IFORTOPTS=" -qopenmp"

# Figure 1A

cd $BASE/rep_agent_models/tc_model_nongrace

time ifort $IFORTOPTS rep_tc_delta_array.f90 rouwenhorst.f90 \
  -o rep_tc_delta_array.exe && time ./rep_tc_delta_array.exe 

cd $BASE/rep_agent_models/tc_model_grace

time ifort $IFORTOPTS rep_tc_grace_delta_array.f90 rouwenhorst.f90 \
  -o rep_tc_grace_delta_array.exe && time ./rep_tc_grace_delta_array.exe 

# and so on...

Simplicity

Once we had the script, we used the Intel OneAPI-hpckit (required 23GB of disk space, compared to the 24GB that the Windows install would have taken):

docker pull intel/oneapi-hpckit:2021.2-devel-ubuntu18.04
  1. Ran master script through the docker image
    cd PATH/model_codes
    docker run --rm -it -w /code \
      -v $(pwd):/code intel/oneapi-hpckit:2021.2-devel-ubuntu18.04 \
      /code/run_all.sh > run_all.output.txt
    

This generated about 100 output files, without any further manual intervention. There is no separate installation process for the Intel compilers, a simple docker pull command allowed us to run all of the required files, within a few minutes.

Flexibility

When one of the compile steps required a larger memory size (25GB) than our workstation had available (23GB), we simply re-ran the following three steps on a general purpose server we had never before used for this purpose (but which already had Docker installed):

git pull (URL of the reproducibility repository)
cd PATH/model_codes
docker run --rm -it -w /code \
  -v $(pwd):/code \
  intel/oneapi-hpckit:2021.2-devel-ubuntu18.04 \
  /code/run_all.sh > run_all.output.txt

(the docker pull command is automatically executed by the docker run command if the image is not locally available).

Thoughts

When using a container for the task of running these (fairly standard) types of structural models, we gained robustness and simplicity. Instead of a complex and manual Windows install specific to this type of project, we had a very simple way to run the author-provided code. The “transparency boundary” remains unchanged: the reliance on the proprietary (non-open source) Intel compiler, whether installed as a Windows installer, or obtained via a Intel-provided Docker image, is conceptually similar, and similarly opaque.

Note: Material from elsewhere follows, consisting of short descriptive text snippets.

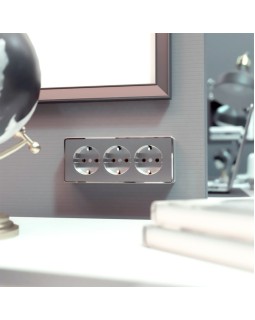 Розетка Werkel W5073106-foto3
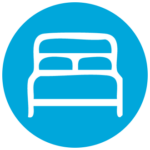 Bedroom Icon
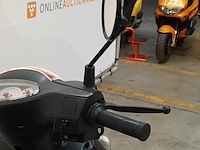 Snorscooter, la souris, city, 2023 - afbeelding 2 van  15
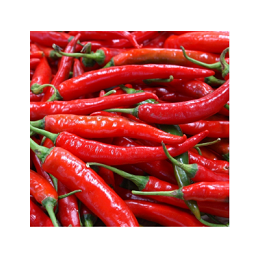 Piment bio 500g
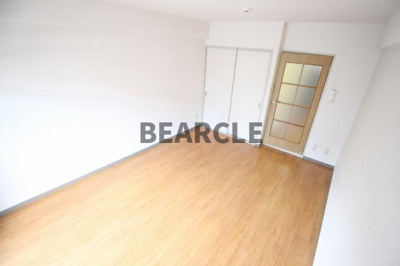 【寝室】 | 第2コーポ朝倉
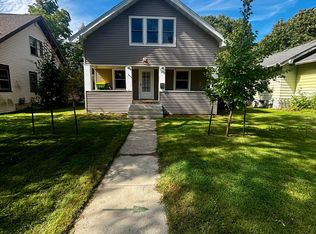 708 S Hiawatha Ave, Pipestone, MN 56164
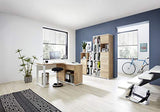 Germania Conjunto de Muebles de Oficina, BxHxT: 320x197x117 cm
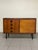 Italian Teak Sideboard, 1960s For Sale - Image 10 of 16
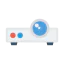 Проектор иконка 64x64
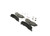 Blue Series Semi-Metallic Front Brake Pad Set | BOSBE1399H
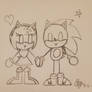 Sonamy!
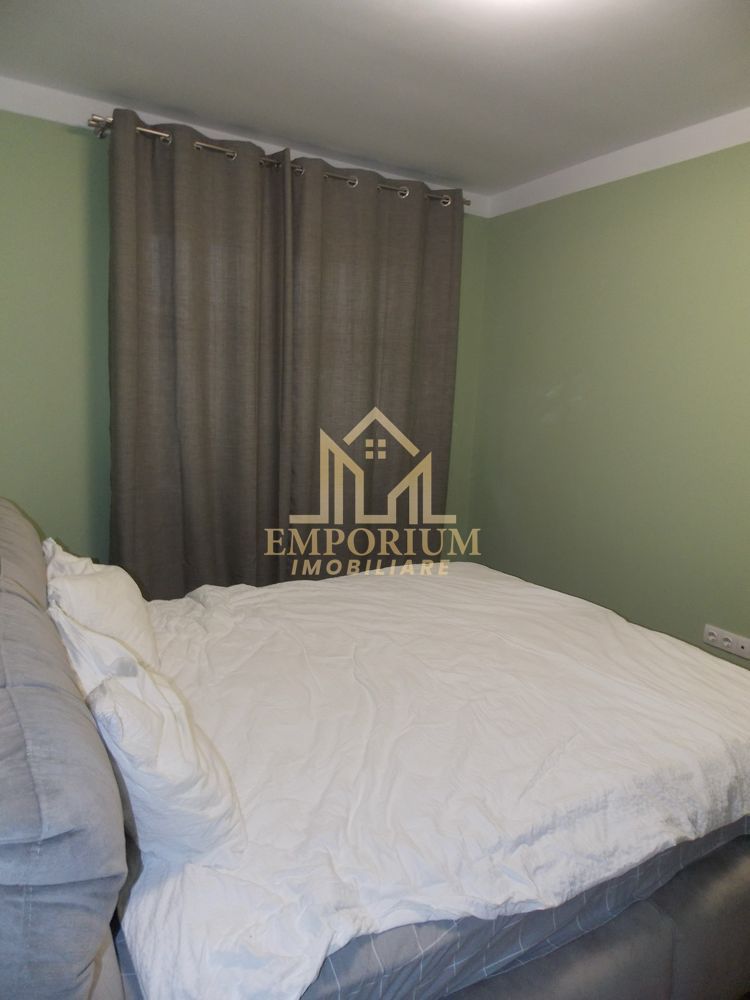 2 camere semidecomandate, Pet Friendly, Parcare, AC, zona Semicentrala - Poză 2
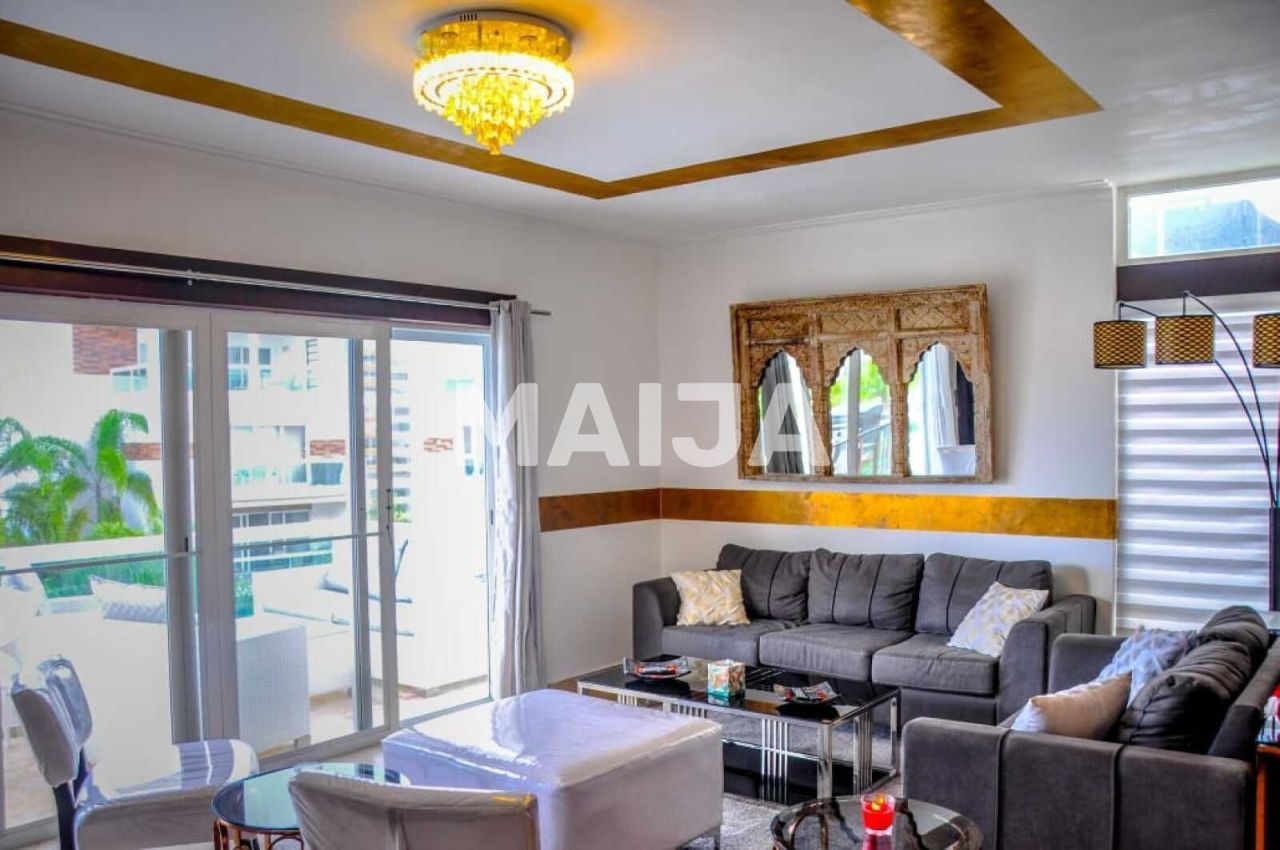 Апартаменты в Пунта-Кана, Доминиканская Республика, 268 м² - фото 10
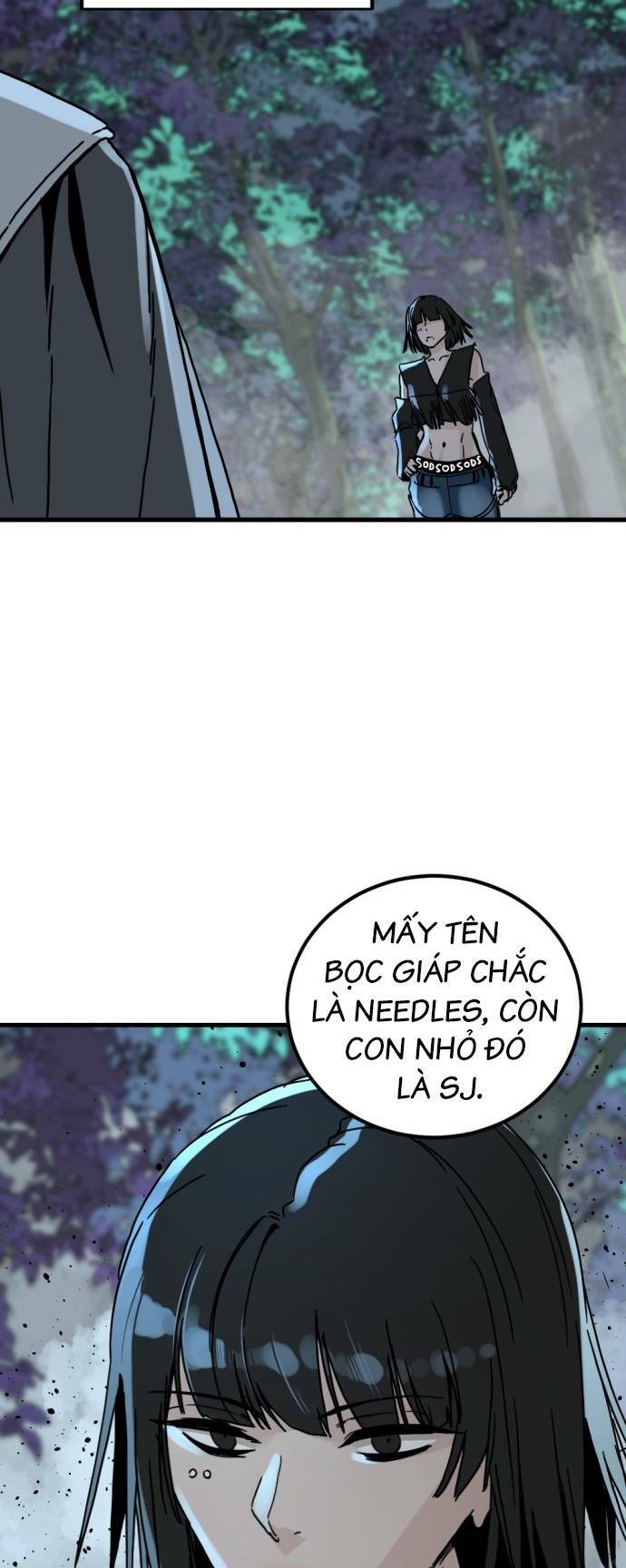 Kẻ giết anh hùng - Chapter 132 - Page 13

Running Docker the Easy Way

Of course, this may all seem overwhelming and complicated, as any new piece of software. Which is why several services are available that make this all a lot easier. These include CodeOcean, WholeTale, Binder, and others (see Konkol et al, 2020,11 for a broader overview). Behind the scenes, these use containers as well, sometimes built on the fly, but also able to archive the containers, ensuring persistence of what hopefully are reproducible containers.

We have started to use these services to enable reproducibility verification in an environment which allows us, when the time inevitably arrives, to share the exact environment with the authors in order to debug code. In contrast with the statement “Author, please use this Docker image to reproduce the issue”, the request “Author, please click on this URL to reproduce the issue” is much simpler. Several authors have been offered both options (no RCT…), and have generally preferred the option of an online easy interface to the ability to run Docker or Singularity locally.

And we have started to leverage the ability to also publish these reproducible artifacts. Recent examples include Rossi (2021)12 and DellaVigna and Pope (2021)13. In both cases, we were able to populate the CodeOcean capsule when we ran into reproducibility issues, sharing it (via a URL) with the authors, and solving the issue that both satisfied the AEA Data Editor, and is likely to satisfy future replicators as well.

We are working with the WholeTale on similar usage scenarios, and are open to working with authors’ choices whereever those may lead.

One key aspect here is worthwhile highlighting. In contrast to some other online computational platforms, for instance Google Colab, the ability to download (nearly) the entire reproducible environment, not just the code, and archive it, are key. That does not mean that they are automatically “fully reproducible”. They may still be missing some key elements that replicators will need to contribute, such as licenses.

Licenses

Most examples out there use open source software, not requiring licenses. This is an issue in economics, where the most common software used - Stata, Matlab - are proprietary and require licenses. Luckily, there are many ways to include licenses in Docker images at runtime, or, if using them internally within a research group, embedding licenses within the Docker image, as one would install a license in any “real” computer. The online systems mentioned above sometimes provide access to such licenses as well. We briefly illustrate first the easy, online way to incorporate licenses into container-based workflows, and then two “hard” ways.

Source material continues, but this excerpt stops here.